**EXERCISE DATA:**

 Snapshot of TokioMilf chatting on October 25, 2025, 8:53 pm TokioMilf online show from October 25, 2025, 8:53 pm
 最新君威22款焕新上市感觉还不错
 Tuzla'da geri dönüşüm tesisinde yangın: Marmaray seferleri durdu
...
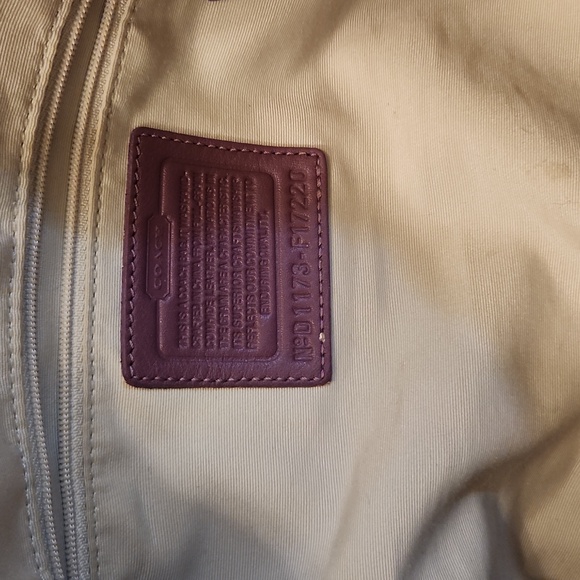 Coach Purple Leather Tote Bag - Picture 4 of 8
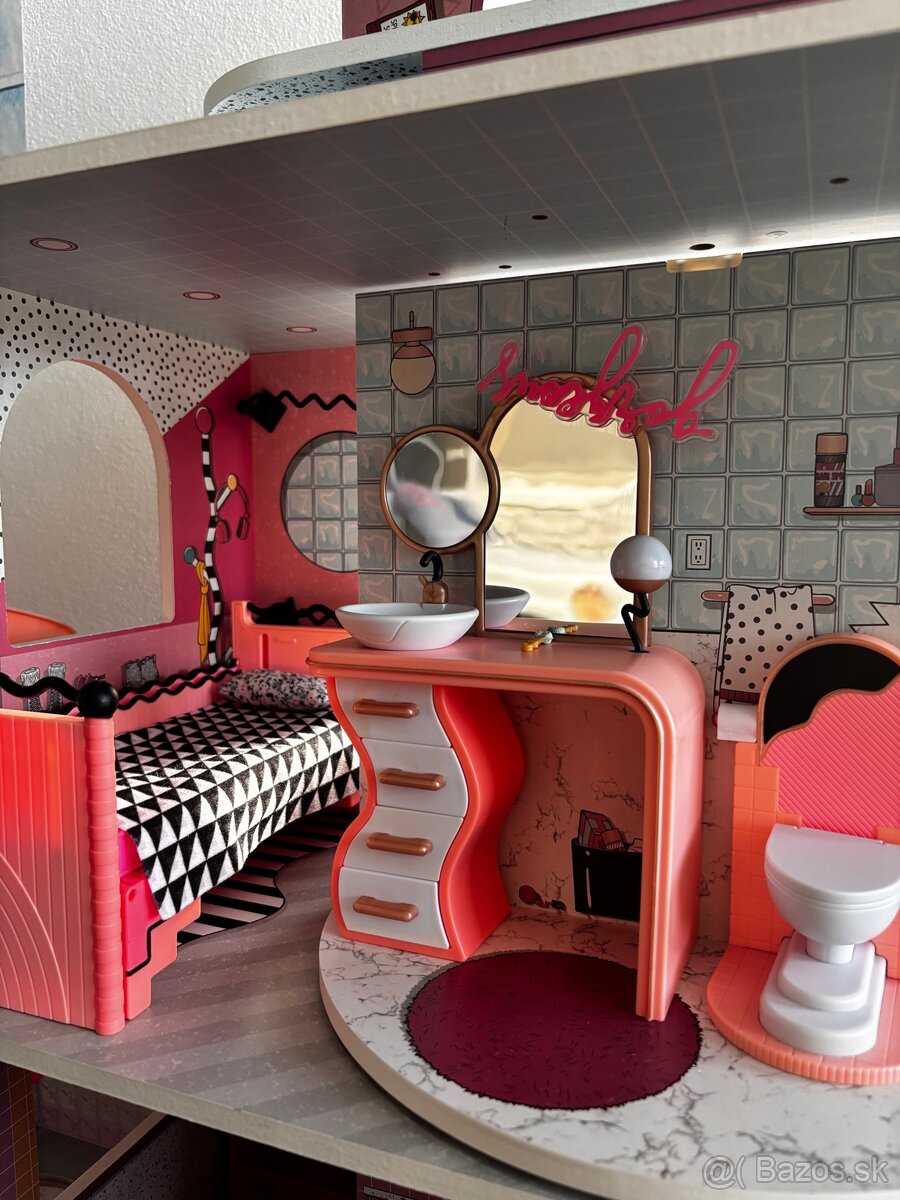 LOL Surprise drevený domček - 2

**EXERCISE BRIEF:** From the material above, set down exactly the lines starting at the one with "Snapshot of TokioMilf" and ending at the one with "Tuzla'da geri dönüşüm", end lines included.

**RESPONSE TO THIS EXERCISE:**
 Snapshot of TokioMilf chatting on October 25, 2025, 8:53 pm TokioMilf online show from October 25, 2025, 8:53 pm
 最新君威22款焕新上市感觉还不错
 Tuzla'da geri dönüşüm tesisinde yangın: Marmaray seferleri durdu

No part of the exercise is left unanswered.